Tax receipts may not be the most fun, sexy, or fulfilling portion of our jobs, but they are certainly critical to our success. For many organizations, these touches represent lost opportunities. A crucial moment in our relationship with the donor that can be easily overlooked, mechanical in nature, and generally counter-productive. You may be thinking, “it’s just a tax document, it doesn’t mean that much”, but let’s take a moment to think bigger about what that interaction actually represents.
The tax receipt is the very first touch point the donor has with your organization after making a gift. You want this communication, whether via email or snail mail, to be prompt and meaningful while reinforcing their positive giving behavior. If that first touch point doesn’t come for two weeks, or looks like something you would receive after purchasing a pair of shoes, and doesn’t demonstrate significant gratitude, you may be undermining your entire fundraising effort. Instead of immediately responding and acknowledging the donor’s gift, we (inadvertently) make them feel unappreciated and simply one of many.
So how do we tackle this, while still maintaining efficiency? As donor relations professionals, how do we insert the donor and their needs squarely into this process?
I dive deep into these issues in this webinar on tax receipts and pledge reminders, but if you're just looking for a few tips to get you started, here are the first three guiding principles of tax receipts:
1. Timeliness: 72 hours. Yes, 72 hours. Three business days. This is the industry standard and best practice for all organizations, regardless of size and complexity. This may seem impossible to some, and yes it can be very challenging, but it is critical. If your organization goes MIA for two weeks after someone voluntarily gives you a charitable gift, it undermines their need for recognition and gratitude. They aren’t thinking of you two weeks after they made a gift. They have moved on and if you don’t make an impression in a short time, chances are they will not continue to give.
2. Method: Meet your donors on their ground.

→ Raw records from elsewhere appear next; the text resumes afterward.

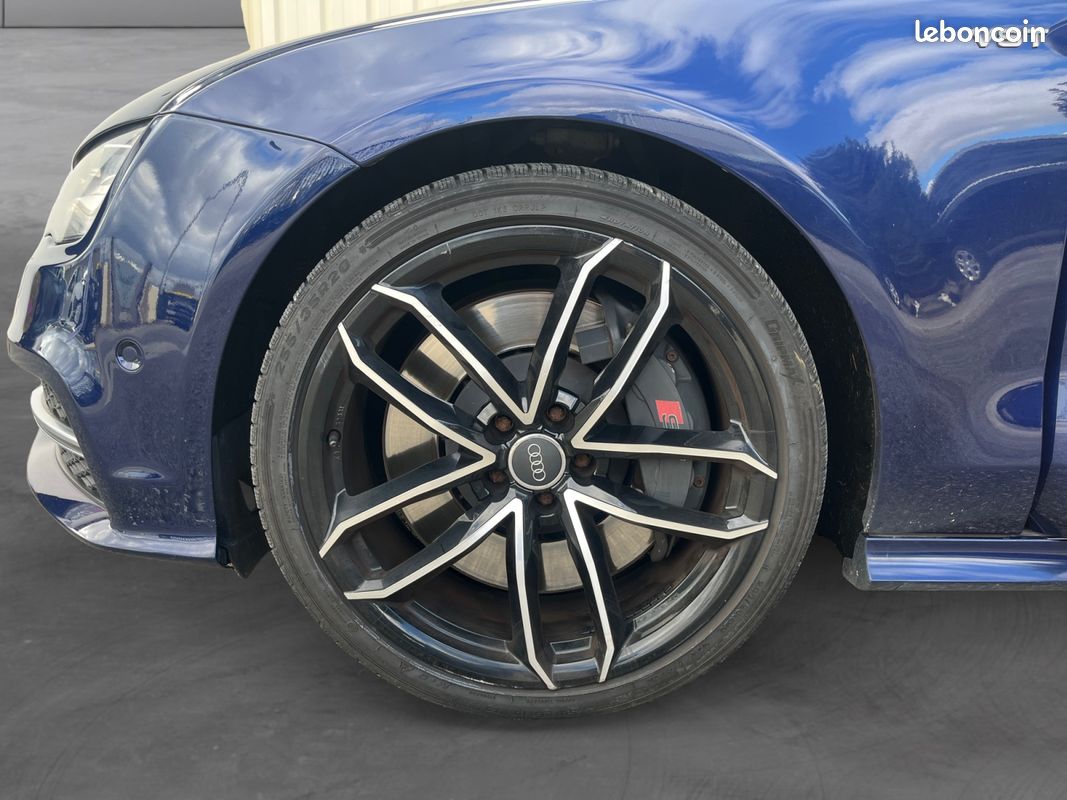 AUDI S7 SPORTBACK 4.0 TFSI 420ch QUATTRO S TRONIC 7 Sièges à mémoire chauffants ventilés Pack carbone Clim 4 zones Attelage amovible (image 30)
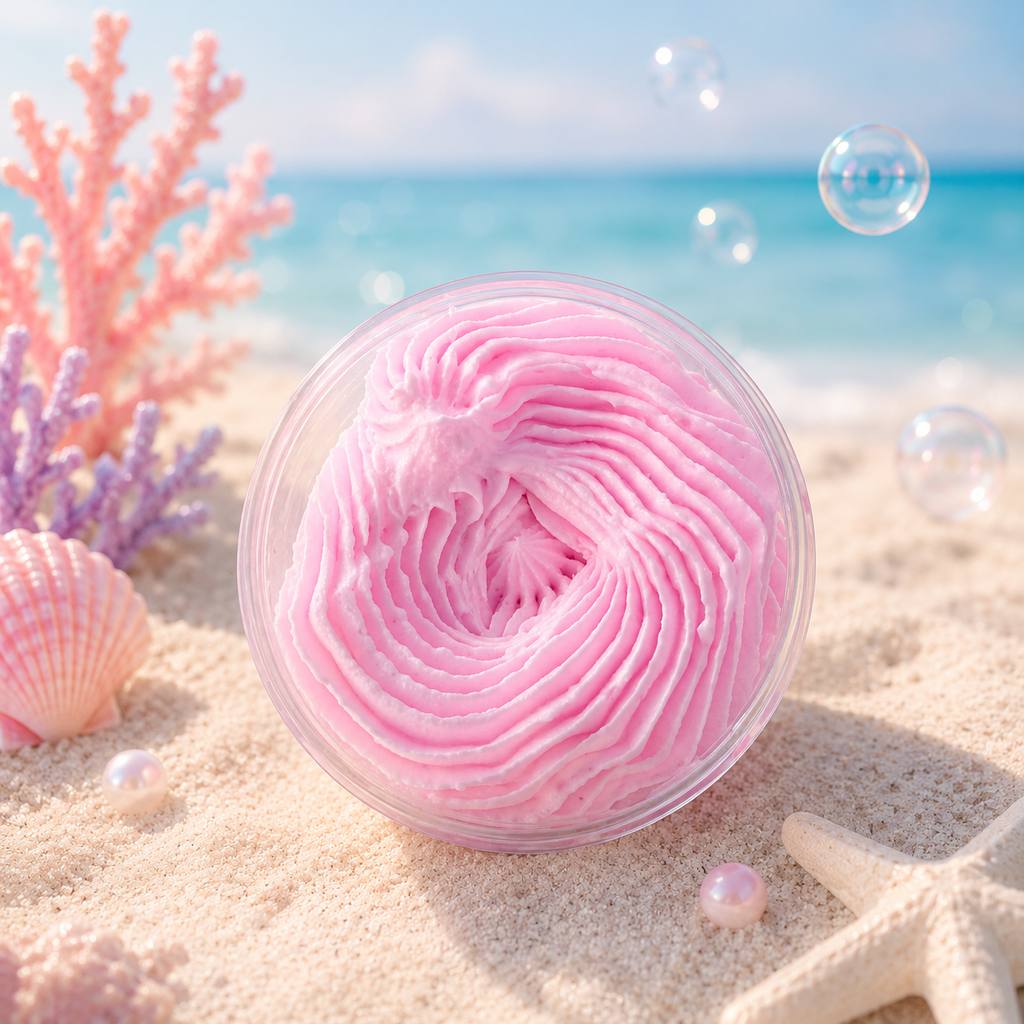 Bubble Blossom Whipped Soap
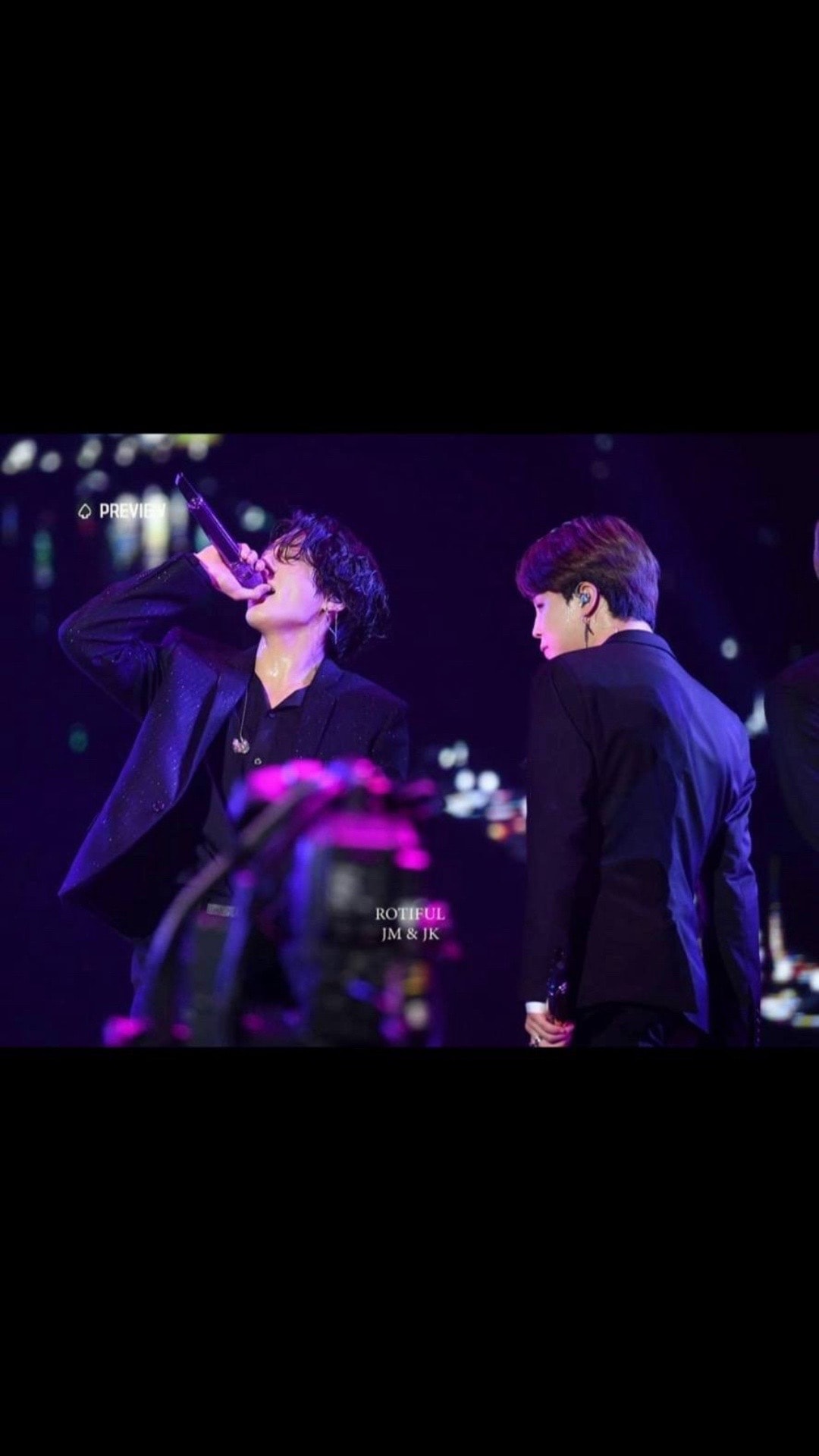 Jimin Jungkook 081119 Lotte Family Concert (photo 4 of 4)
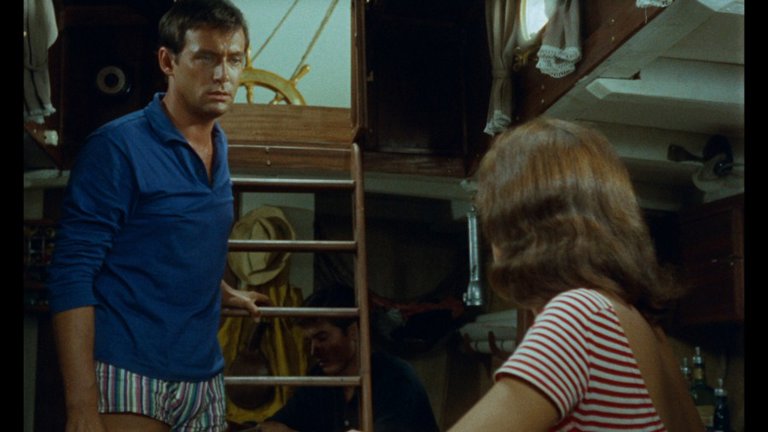 Screen capture from Purple Noon
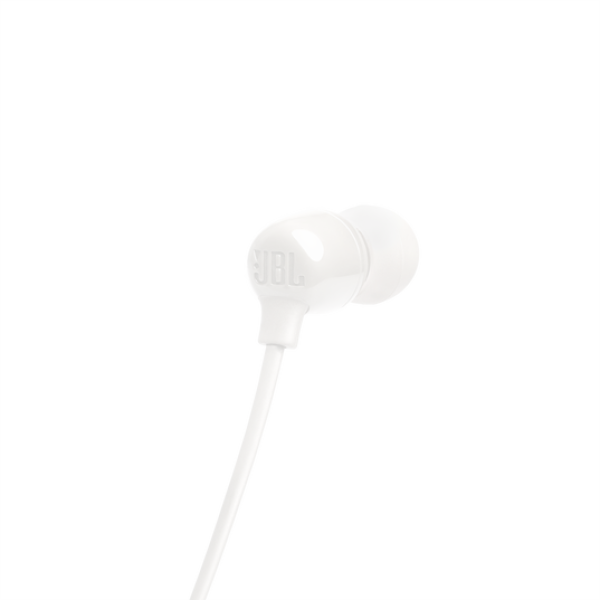 JBL Tune 135 Wireless Earphones White | Klikk Malta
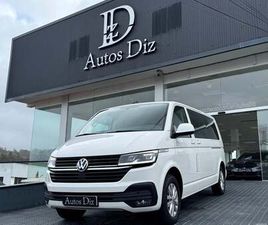 VOLKSWAGEN CARAVELLE COMERCIAL 2.0TDI BMT PREMIUM BATALLE LARGA 110KW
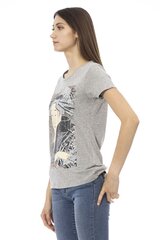 Trussardi Action - 2BT05M - Grey 2BT05M_12Grey-XXL cena un informācija | T-krekli sievietēm | 220.lv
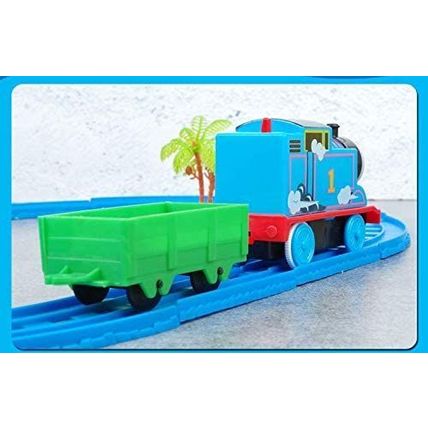 DGBJ Children Favourite Thomas the Tank Engine Electric Train Track Toys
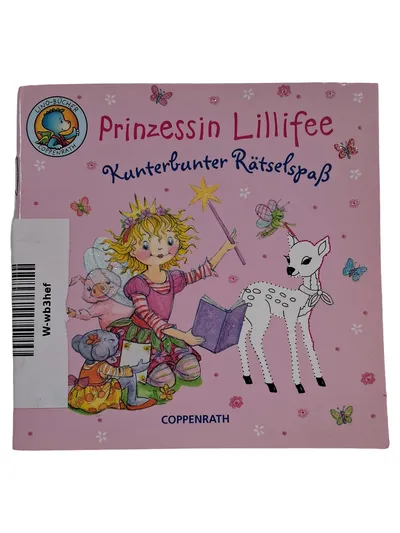Coppenrath Prinzessin Lillifee Kunterbunter Rätselspaß Kinderbuch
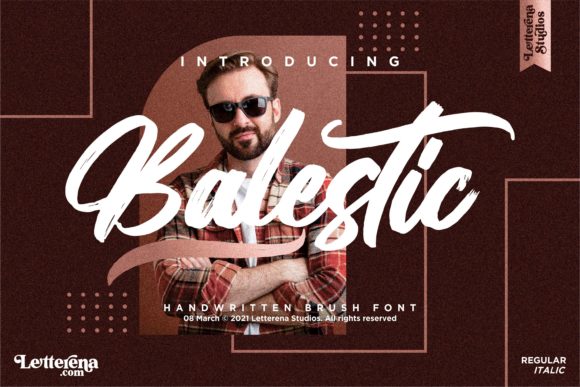 Elevate Your Craft with Balestic: A Premium Script Font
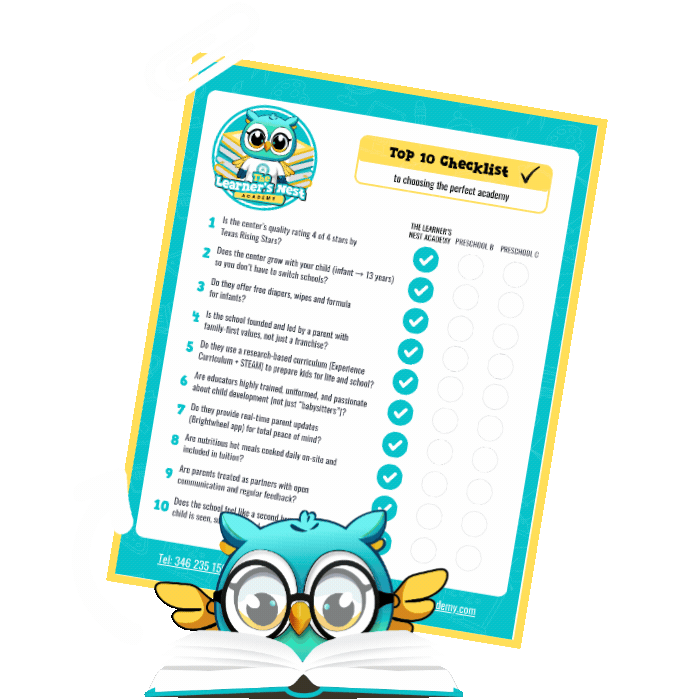 right child care checklist 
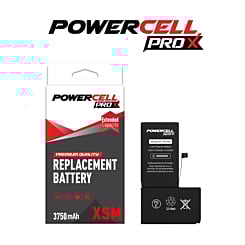 POWERCELL PRO Extended Capacity Replacement Battery for iPhone XS Max (3750 mAH)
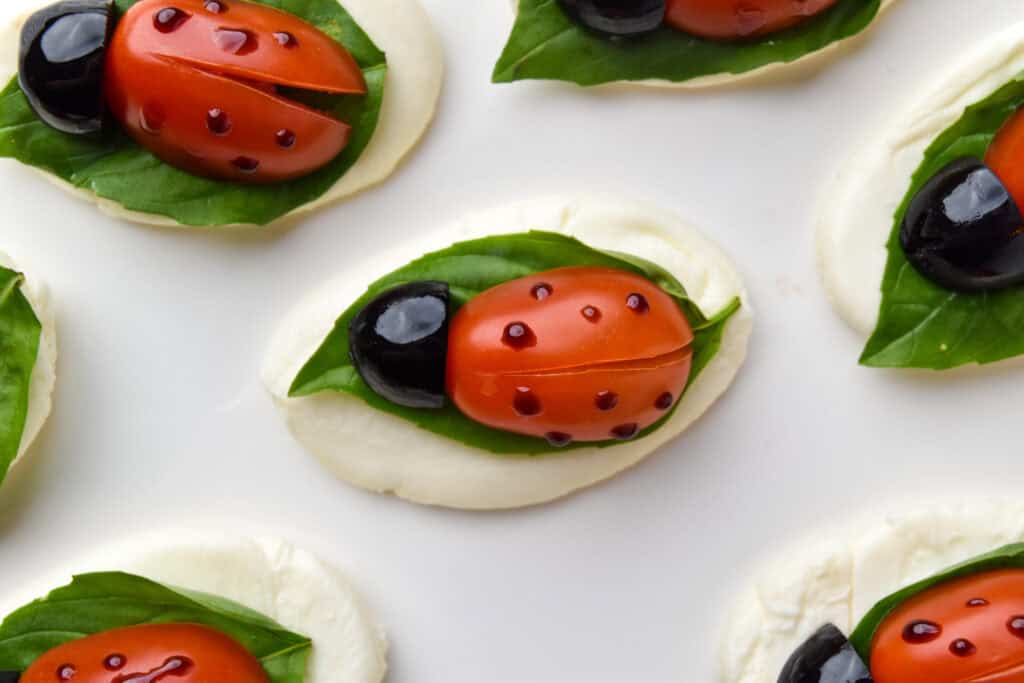 Ladybug Caprese Salad Recipe: Fresh, Fun, and Perfect for Any Occasion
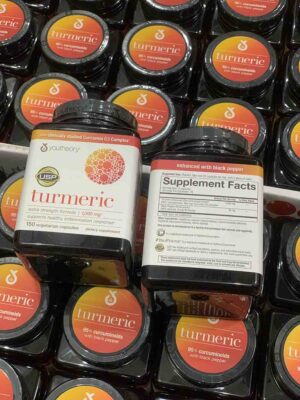 turmeric curcumin của mỹ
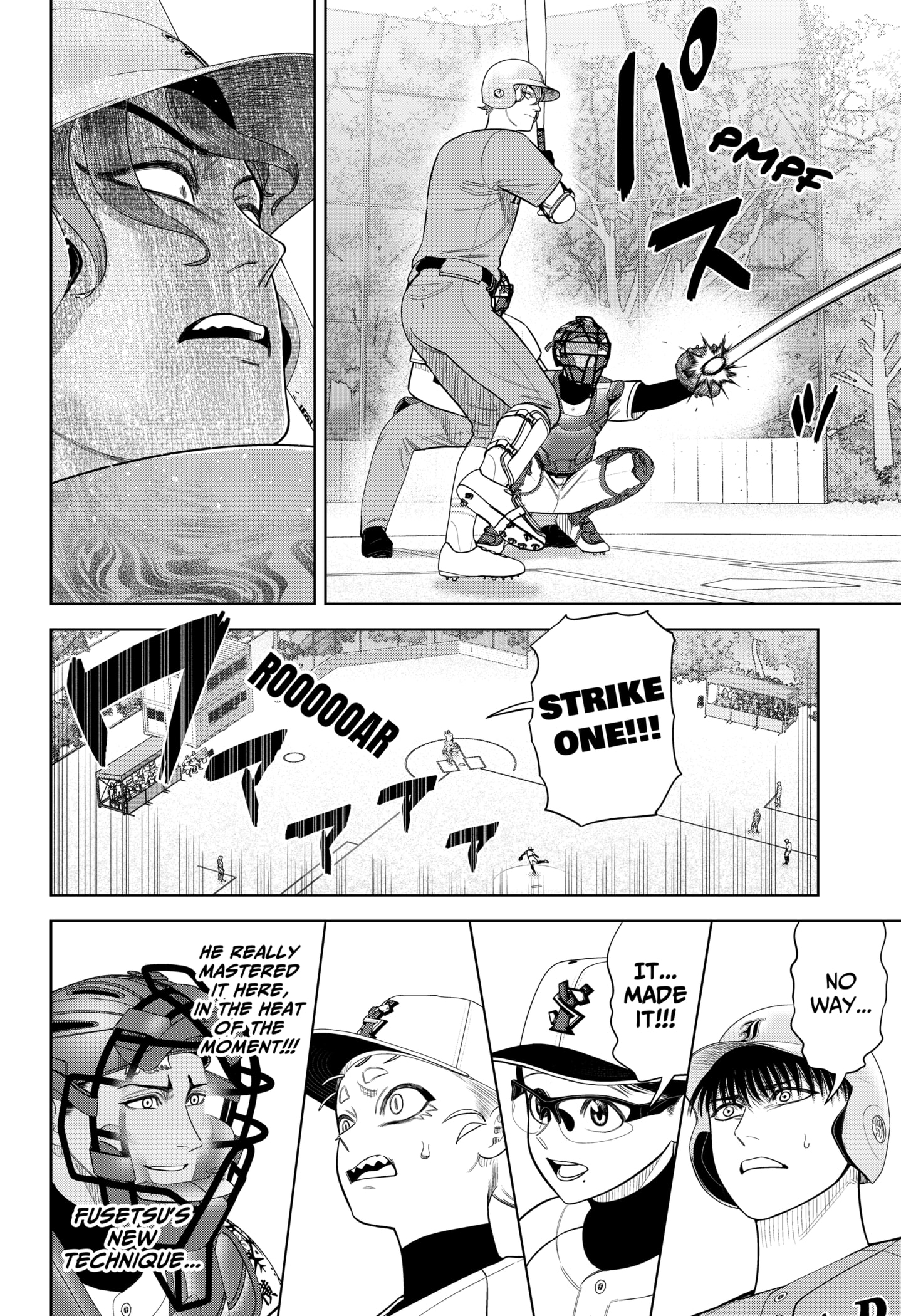 Read Strikeout Pitch EN Manga Online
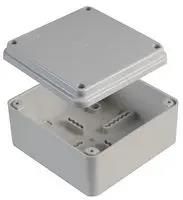 PLAIN SIDED BOX, IP56, 100X100X50MM, GRY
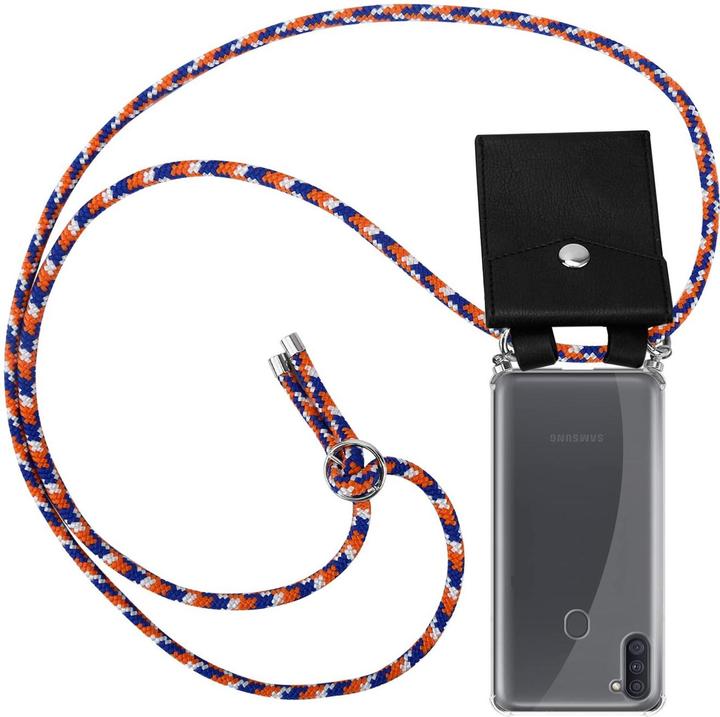 Produktbild Cadorabo TPU Handy Kette SILBER Cover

If they give to you on-line, don’t snail mail them a receipt. If they mail you a check, don’t try to email them important tax information. While this increases the complexity of the process, it’s critical to match our donors’ communication styles and methods. Have you ever purchased something online and then received a hard copy receipt in the mail? No. You haven’t. So make sure your organization is on par with the rest of the online transaction world.
3. Impact: While the tax receipt is a technical tax document, that doesn’t mean they have to be devoid of human voice, warmth, and gratitude. Make sure the design of the document is attractive (after all, it is likely the only document your donor will keep very long) and represents the mission of your organization. Don’t be afraid to include impact stories, quotes from students/patients/beneficiaries, images of people, etc. And most importantly, don’t forget to put a genuine THANK YOU in your tax receipt. (And not for their transaction, but for their generosity.)
This helps get us started on tackling the complex issues around the tax receipting process and the role that donor relations professionals can have in making sure they are enhancing the donor experience…and ultimately affecting the fundraising bottom line.